Nazim Hikmet, grande poeta turco, tradotto
in tutto il mondo, Premio Nobel per la Pace nel 1950. La sua scrittura è
semplice, profonda, capace di arrivare dritta al cuore e di colpire l'anima
inesorabilmente
«Il più bello
dei mari è quello che non navigammo. Il più bello dei nostri figli
non è ancora cresciuto. Il più belli dei nostri giorni non li abbiamo
ancora vissuti. E quello che vorrei dirti di più bello non te l'ho
ancora detto».
L'autore di questi splendidi versi è Nazim Hikmet, poeta della Turchia, per l'anagrafe nato a Salonicco
il 20 novembre 1902, in
realtà dell'anno prima.
La sua scrittura è semplice, profonda, capace di
arrivare dritta al cuore e di colpire l'anima inesorabilmente. Il padre Nazim Hikmet Bey è un funzionario di
Stato, la madre, Aisha Dshalia, una
pittrice. Studia prima francese ad Istanbul, poi si iscrive all'Accademia della
Marina militare, ma è costretto ad abbandonarla per problemi di salute.

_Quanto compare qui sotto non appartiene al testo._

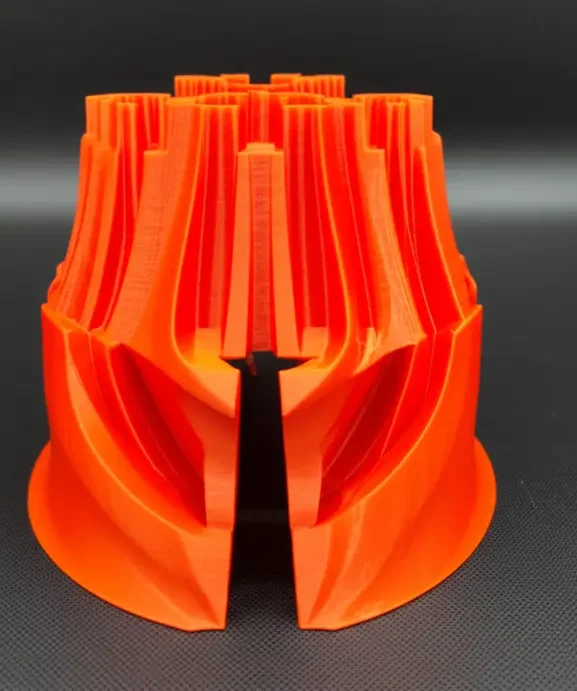 Exemplo de impressão 3D perfeita em ABS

Comincia a fare il poeta a soli quattordici anni, introducendo per la prima volta
il verso libero nella lingua poetica turca.

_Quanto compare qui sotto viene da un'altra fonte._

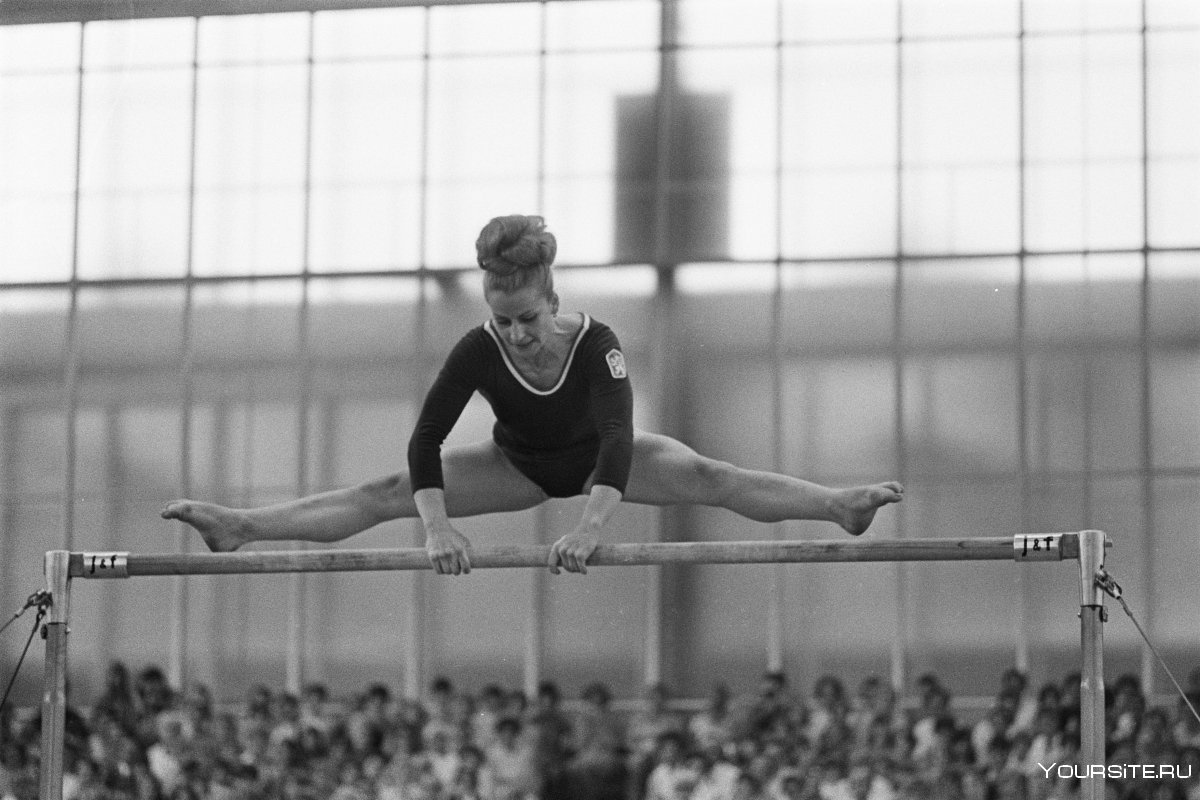 Вера Чаславска гимнастика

La passione per la poesia gli viene
trasmessa dal nonno paterno, che, oltre che pascià e governatore di varie
province, è anche scrittore e poeta in lingua ottomana. Durante la guerra di
indipendenza in Anatolia si iscrive al partito comunista e inizia la
carriera di insegnante nella Turchia orientale.
Nel 1922 purtroppo viene
condannato per marxismo
e sceglie l'esilio volontario in Russia. Gli è infatti impossibile rimanere in
patria, dove è oggetto di una forte ostilità a causa della sua pubblica
denuncia dei massacri avvenuti in Armenia nel periodo 1915-1922. Grazie agli
studi universitari, viene in contatto con i grandi poeti e scrittori russi e
riesce persino a conoscere uno dei suoi maestri, il poeta Majakowsky.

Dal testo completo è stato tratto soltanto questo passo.